Gillian Fielding, Digital Skills Manager at the University of Salford discusses how senior executive sponsorship elevated the use of e-learning, e-submission and e-marking.
June 10th saw the first of three webinars, hosted by Blackboard, focusing on best practices in driving technology adoption. In this first webinar, the University of Salford’s Gillian Fielding discussed how strong executive leadership drove the success of Project Elevate, a key strategic University-wide project which lead to a major cultural shift to e-learning, e-submission, e-marking.

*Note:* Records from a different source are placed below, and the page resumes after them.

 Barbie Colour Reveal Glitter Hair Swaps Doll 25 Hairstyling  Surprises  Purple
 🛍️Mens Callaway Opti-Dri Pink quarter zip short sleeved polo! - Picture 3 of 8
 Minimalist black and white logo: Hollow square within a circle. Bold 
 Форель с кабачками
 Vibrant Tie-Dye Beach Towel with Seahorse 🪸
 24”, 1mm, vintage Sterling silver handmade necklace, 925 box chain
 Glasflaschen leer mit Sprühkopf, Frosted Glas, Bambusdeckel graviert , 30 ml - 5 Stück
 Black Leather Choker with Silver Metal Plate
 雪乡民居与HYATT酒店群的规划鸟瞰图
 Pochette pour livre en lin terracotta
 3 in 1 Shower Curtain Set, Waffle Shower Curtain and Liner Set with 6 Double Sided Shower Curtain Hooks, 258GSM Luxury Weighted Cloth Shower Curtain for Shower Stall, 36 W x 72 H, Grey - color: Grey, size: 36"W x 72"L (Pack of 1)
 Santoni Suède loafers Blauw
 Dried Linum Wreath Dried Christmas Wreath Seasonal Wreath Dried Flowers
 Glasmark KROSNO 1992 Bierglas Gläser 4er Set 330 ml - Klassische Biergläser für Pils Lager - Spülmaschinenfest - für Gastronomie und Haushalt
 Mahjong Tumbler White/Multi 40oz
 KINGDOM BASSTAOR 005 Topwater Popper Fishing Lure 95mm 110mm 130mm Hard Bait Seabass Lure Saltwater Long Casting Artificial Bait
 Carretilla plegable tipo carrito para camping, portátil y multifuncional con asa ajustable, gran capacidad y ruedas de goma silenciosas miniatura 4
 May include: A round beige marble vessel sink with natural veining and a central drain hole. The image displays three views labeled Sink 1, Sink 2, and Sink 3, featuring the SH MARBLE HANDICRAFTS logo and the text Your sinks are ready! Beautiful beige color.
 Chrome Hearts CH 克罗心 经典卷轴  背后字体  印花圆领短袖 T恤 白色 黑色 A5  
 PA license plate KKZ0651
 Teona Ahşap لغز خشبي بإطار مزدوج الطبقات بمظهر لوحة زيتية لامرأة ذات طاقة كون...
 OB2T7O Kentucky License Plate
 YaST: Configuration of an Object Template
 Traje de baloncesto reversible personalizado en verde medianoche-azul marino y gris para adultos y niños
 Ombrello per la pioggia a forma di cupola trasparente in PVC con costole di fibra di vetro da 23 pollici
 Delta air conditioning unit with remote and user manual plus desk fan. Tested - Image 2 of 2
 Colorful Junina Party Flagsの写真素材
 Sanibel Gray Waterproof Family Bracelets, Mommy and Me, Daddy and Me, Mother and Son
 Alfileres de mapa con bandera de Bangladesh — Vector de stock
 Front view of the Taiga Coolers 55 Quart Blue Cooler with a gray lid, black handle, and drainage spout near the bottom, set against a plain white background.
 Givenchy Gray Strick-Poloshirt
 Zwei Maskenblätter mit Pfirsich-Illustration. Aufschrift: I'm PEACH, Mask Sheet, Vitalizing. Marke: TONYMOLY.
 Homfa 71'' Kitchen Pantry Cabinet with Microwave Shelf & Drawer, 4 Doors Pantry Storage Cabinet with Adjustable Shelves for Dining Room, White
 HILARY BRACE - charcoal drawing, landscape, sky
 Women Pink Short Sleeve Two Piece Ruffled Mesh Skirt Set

In 2012-2013, as part of a Transformation Programme, Project Elevate was initiated partly by the need to upgrade the University’s virtual learning environment (Blackboard Learn) and improve the quality of the student experience. Elevate impacted every taught module, every member of academic staff and every undergraduate student and set about raising the effectiveness of Blackboard Learn to offer a more intuitive, consistent and improved online experience for students and academics.
As well as upgrading from Blackboard 8.0 to version 9.1, Project Elevate brought about many changes in the following areas:
- E-learning: It defined the University-wide standards for virtual learning environment module presence, ensuring that all Blackboard Learn modules met the same baseline criteria to ensure uniformity.
- E-submission: It enabled assessed academic work to be submitted electronically via Turnitin or Blackboard (except exemptions for work that would be impossible to submit electronically)
- E-marking: It made e-marking mandatory.
- Roles for academic staff: It enhanced the capacity and capability of academic staff in deploying modern teaching tools.
- Roles for some administrative staff: It achieved efficiencies in academic administration.
An essential factor in driving the success of the project was bringing together a Project Board driven by an Executive Sponsor, and included representation from university areas such as the Academic Development unit, stakeholder groups such as the IT department, training from Human Resources, the Library, School Operation Managers, the Students Union and users (academics, students and administrative staff). Most importantly, Project Elevate was chaired by a very proactive Pro-Vice Chancellor Academic who was student driven and “totally understood where he wanted to go on the journey and what we needed to do to get there,” said Gillian. “He was there at every meeting, chairing the meeting and asking the pertinent questions and driving it forward.”
With the Project Elevate Board comprising of key stakeholders across the institution it meant that everybody had “a voice” in the project. The project’s secret weapon, however, seemed to be a student union board member who was able to voice student concerns. “Having a student voice made their view difficult to argue with when making vital decisions,” said Gillian.
“Change can’t be delivered without fundamental support and training in place,” said Gillian. “We packed the training courses with as many innovative ideas as possible so that they appealed to the most technological and digitally capable members of staff.” Training was initially conducted by video, which outlined the Elevate aims. As a follow up, staff were placed in the students’ shoes, in a flipped experience, and were asked to experience the best and worst of the current Blackboard modules and were asked to reflect on this experience. The workshops were designed to enable staff to work on their own modules and not a training environment, thereby staff were doing the work they needed to do in the training. The Project had TEL Champions in each School supporting colleagues and working with Central Support and the Heads of School. QR codes, hashtags and surveys were used to keep the feedback coming and a dedicated helpdesk and drop-in surgeries were available throughout the project to support learning.
Training 725 staff in 10 weeks
Regular checks, reporting and evaluation of training attendance remained vital to the project. To pragmatically, get 725 staff trained in in 10 weeks, the team had to rigorously measure progress. By reporting weekly to the University Executive, this included identifying those who cancelled training or who had booked and not attended training. With an executive level push, all training was completed in about ten weeks. Gillian explained, “We knew we had to get people through training for this project to take place and having the leadership encourage Heads of School to make sure their staff attended was crucial and meant we got people through in 10 weeks.”
Tips and tricks – to get senior executive support
Gillian also discussed a number of ways to get the support of a senior executive team. Firstly, she advised identifying how technology can meet the specific agendas of executives and thereby help them to “get the message”. As an example at Salford, the number one driver for the Pro-Vice Chancellor Academic for implementing Project Elevate was to improve the student experience. Secondly, you need be able to show executives how technology will help them to meet this agenda. Gillian goes on to say that, “you need to think about the things that will get their attention. Different people are interested in different agendas. For example, a Finance Director may well be interested in cost savings and will look at the utilisation of virtual classrooms and tools such as Blackboard Collaborate to reduce travel costs.”